One other piece of market wisdom - which can be summarised as "the higher they rise, the quicker they fall" - has also been amply borne out by recent events. Almost invariably, experience shows that markets fall most sharply immediately after they have risen most sharply.
What is distinctly unusual about this market correction, however, is that it has been so widely predicted. Unlike many previous sharp falls in the stock markets, this one cannot be said to have come out of a clear blue sky. I have lost count of the many reasoned and unanswerable demonstrations of risk inherent in market prices - starting with Alan Greenspan's mutterings about "irrational exuberance" more than 18 months ago.
So where do we go next? The markets, in broad terms, have now given up all of the gains that they have made since the start of this year, but they have not yet fallen back to the levels that first caused Mr Greenspan such concern - which was the level prevailing at the start of 1997. Will they go back all the way to that level?
As usual, this is a judgement call to which no definitive answer can be given. To the extent that sentiment is still driving the markets, the prospect is not so good. The Russian crisis is clearly a long way from resolution, although its impact in economic terms is nothing like as important as its perceived impact and political resonance. (The Russian economy is contracting so fast that it ranks as only a minor player).
My guess, for what it is worth, is that the latest crisis, coming on the heels of the much more serious (economically) events in the Far East, will finally be enough to puncture the bull market case. As the world economy starts to slow, as seems to be regarded as inevitable by most pundits, then we will stop hearing so much about the economic miracle in the United States.
Attention will once more focus on the actual profitability of companies, and this in turn will lead to further downrating in p/e ratios. It is true that the market is still being underpinned by falling interest rates. Long bond yields are now at their lowest level in a generation - nudging 5 per cent - but the driving force is now slowing economic activity rather than a perceived decline in risk. In fact, the evidence from around the world is of a clear flight to quality. Look at how rapidly the risk premia on instruments such as corporate bonds and emerging market debt have widened.
These are still early days, of course, but the market certainly feels like it is ripe for further purging. There is a clear risk - say 40 per cent - that we may yet touch the levels the markets were at 18 months ago. It is hard to give the prospect of a renewed bull market regaining all the lost ground more than a 20 per cent chance. Something in between, perhaps a sideways drift with continued patches of volatility, seems the most likely.
As ever, the sensible thing to do is keep an eye out for value opportunities. With oil prices and commodities generally in a clear cyclical downturn, the time to find some value in those markets will probably come sooner than it does for the market as a whole. While emerging markets seem intent on regaining their former basket case status, at some point there will be some value to be found there for the risk-seeker. Those who like to follow investment trust discounts will be keeping a close eye on how wide the discounts go.
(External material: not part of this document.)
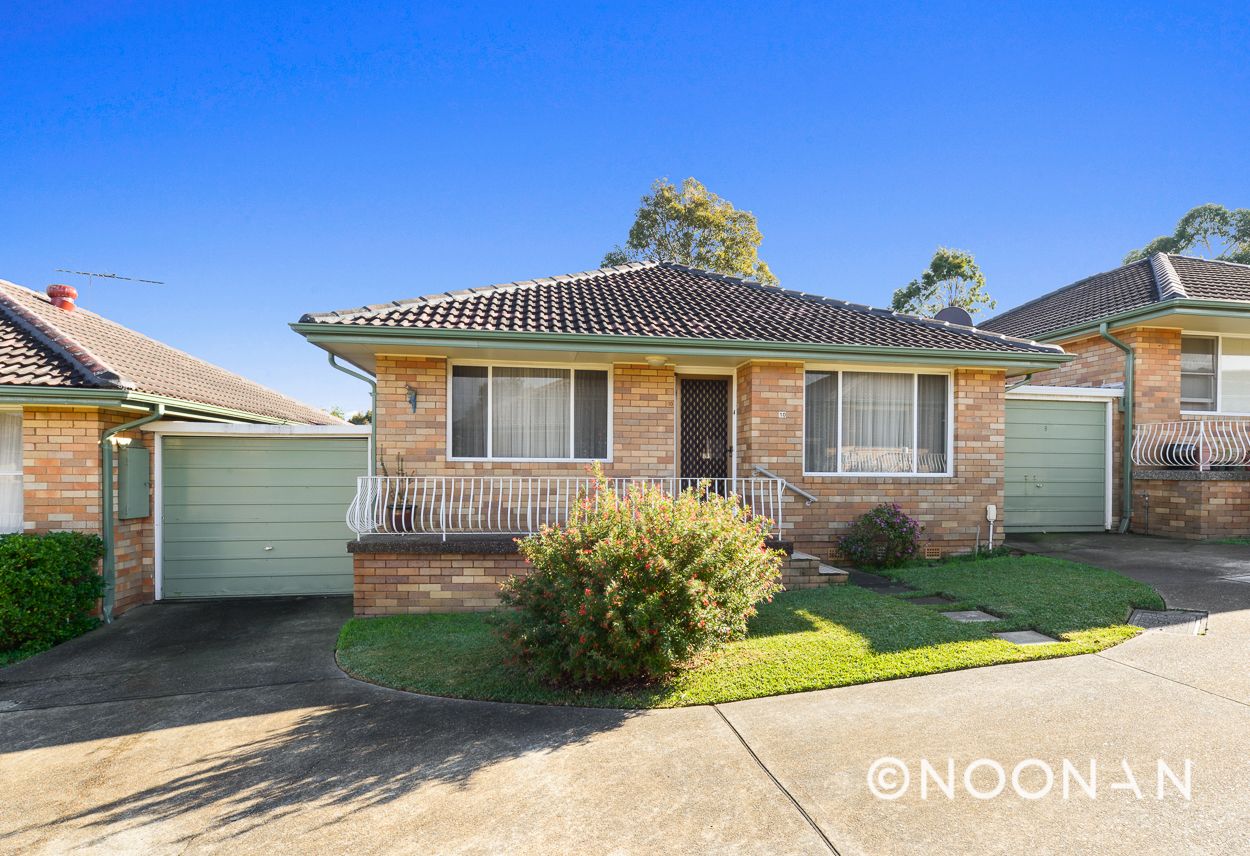 10/96-100 Morts Road, Mortdale NSW 2223, Image 0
A bargain is a bargain, whatever the prevailing climate. The time to make the most money in the stock market is when pessimism is at its height and the headlines are full of gloom and doom. The Greater Fool Theory - which guides unwise investors into buying overvalued stocks on the grounds that they will always find someone more unwise to buy it off them - is never so evident as when markets reach the levels they did a year ago.
But my hunch is that the supply of greater fools is now on the wane, and that suggests it would be wrong to expect too much of a rally too soon.